# [TASK OBJECTIVE]
Reproduce, word for word, the lines in the material below starting with the one that has "orange background Happy" and going on through the one that has "Beautiful woman in". Leave out all pictures.

# [MATERIAL FOR THIS EXERCISE]
--------------------------------

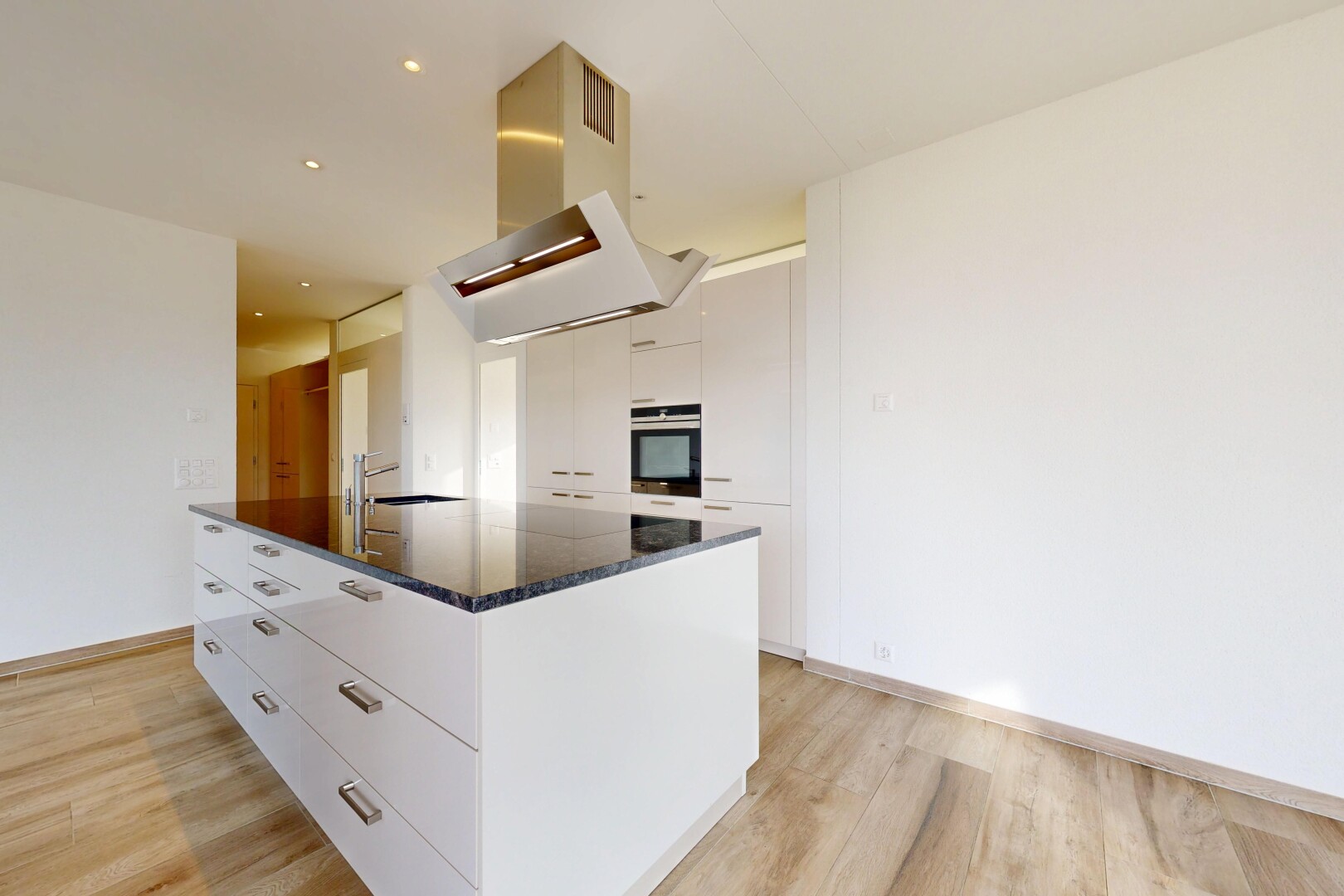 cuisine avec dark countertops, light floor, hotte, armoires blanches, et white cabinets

--------------------------------

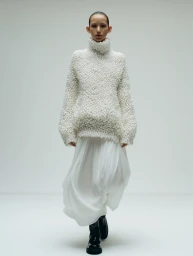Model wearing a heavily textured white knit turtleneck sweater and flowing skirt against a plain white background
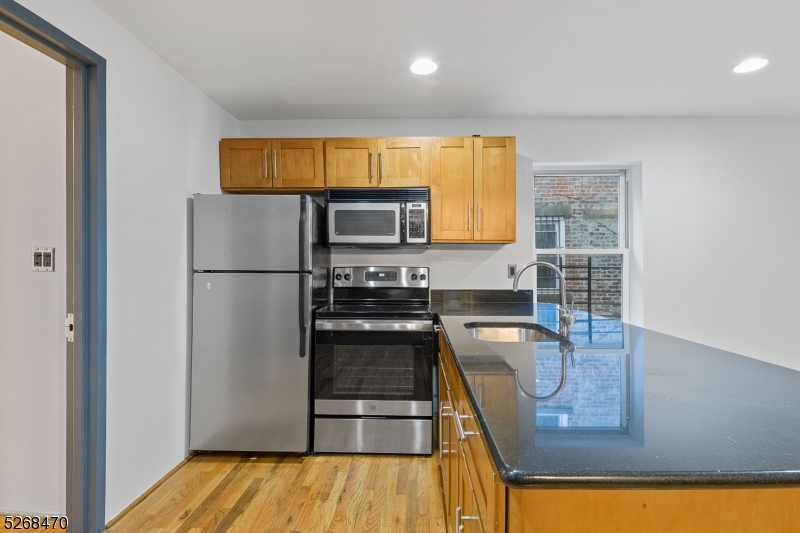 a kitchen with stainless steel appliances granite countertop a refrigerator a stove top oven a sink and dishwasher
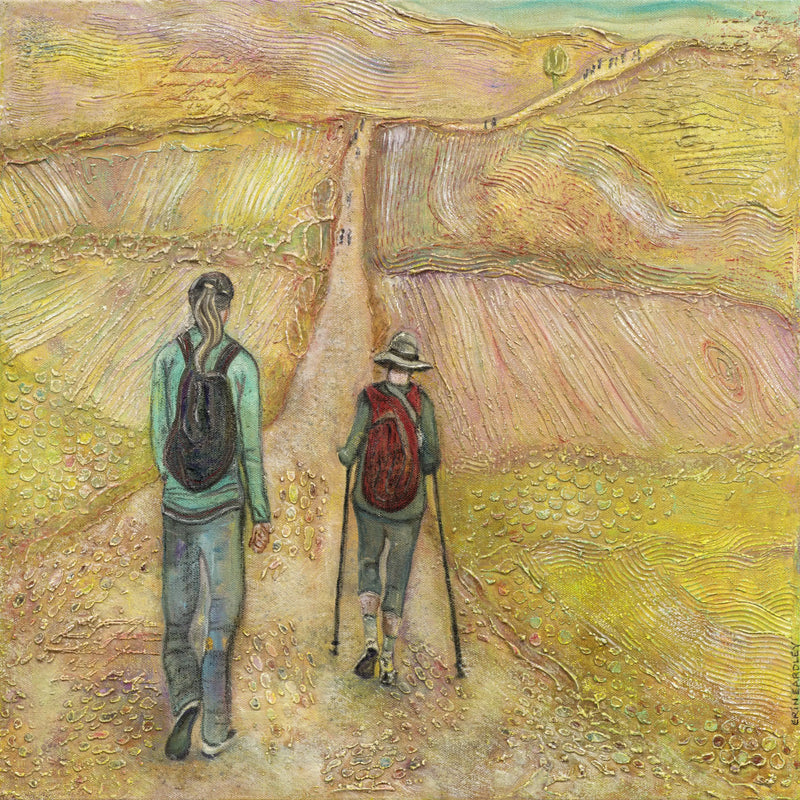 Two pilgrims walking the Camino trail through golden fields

--------------------------------

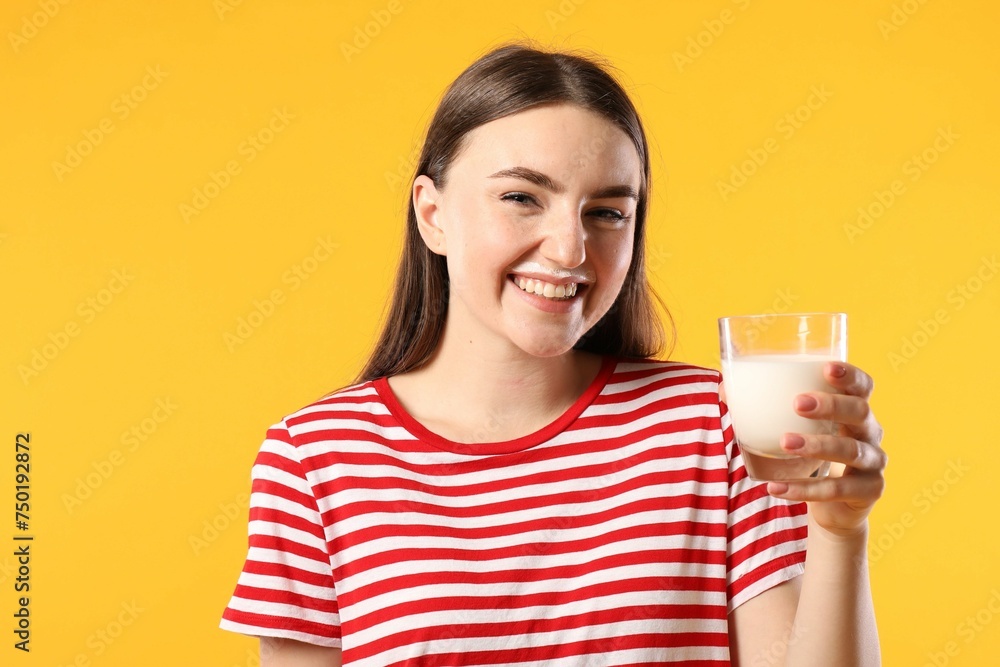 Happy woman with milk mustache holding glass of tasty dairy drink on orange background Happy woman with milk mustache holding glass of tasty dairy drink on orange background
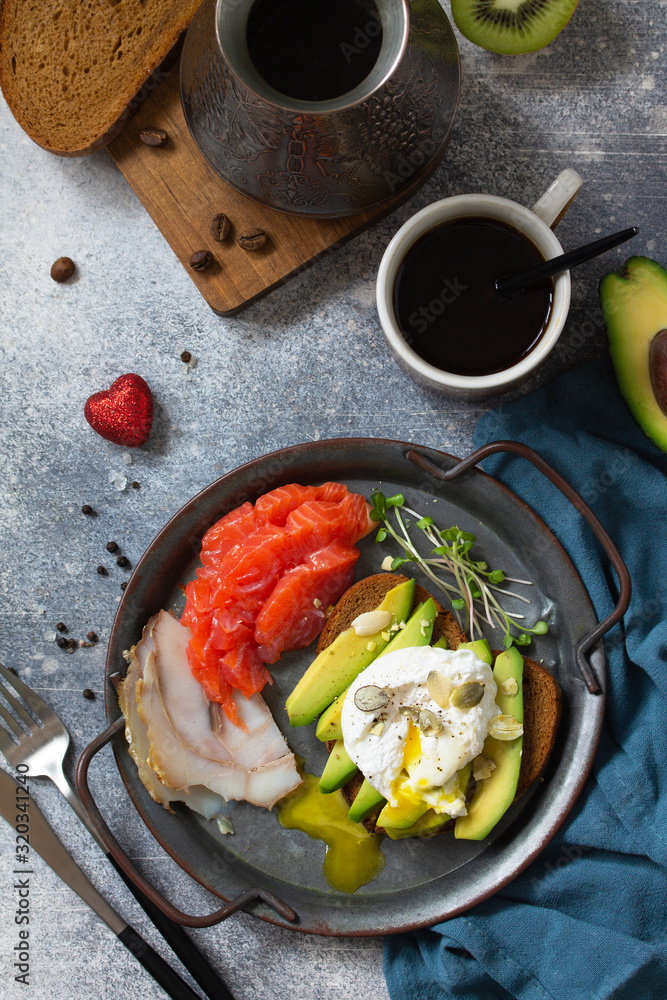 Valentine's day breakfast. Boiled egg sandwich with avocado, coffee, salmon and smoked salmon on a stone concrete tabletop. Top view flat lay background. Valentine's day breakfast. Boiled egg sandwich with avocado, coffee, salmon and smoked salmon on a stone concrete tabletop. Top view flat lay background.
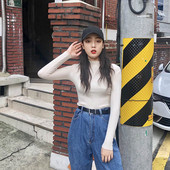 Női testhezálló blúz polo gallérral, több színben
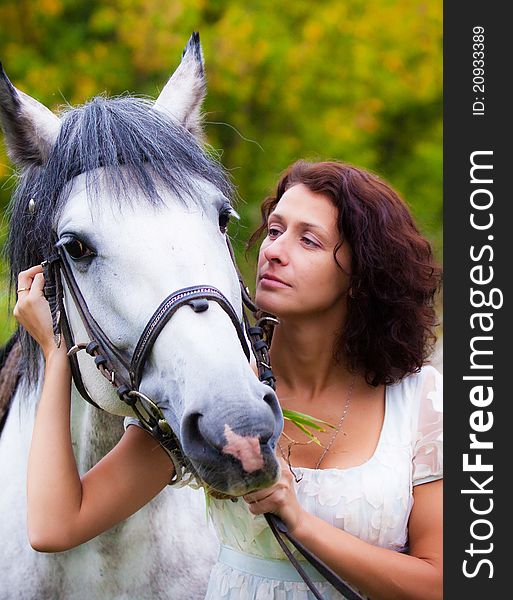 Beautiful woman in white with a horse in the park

--------------------------------

# [EXPECTED OUTPUT]
 Happy woman with milk mustache holding glass of tasty dairy drink on orange background Happy woman with milk mustache holding glass of tasty dairy drink on orange background
 Valentine's day breakfast. Boiled egg sandwich with avocado, coffee, salmon and smoked salmon on a stone concrete tabletop. Top view flat lay background. Valentine's day breakfast. Boiled egg sandwich with avocado, coffee, salmon and smoked salmon on a stone concrete tabletop. Top view flat lay background.
 Női testhezálló blúz polo gallérral, több színben
 Beautiful woman in white with a horse in the park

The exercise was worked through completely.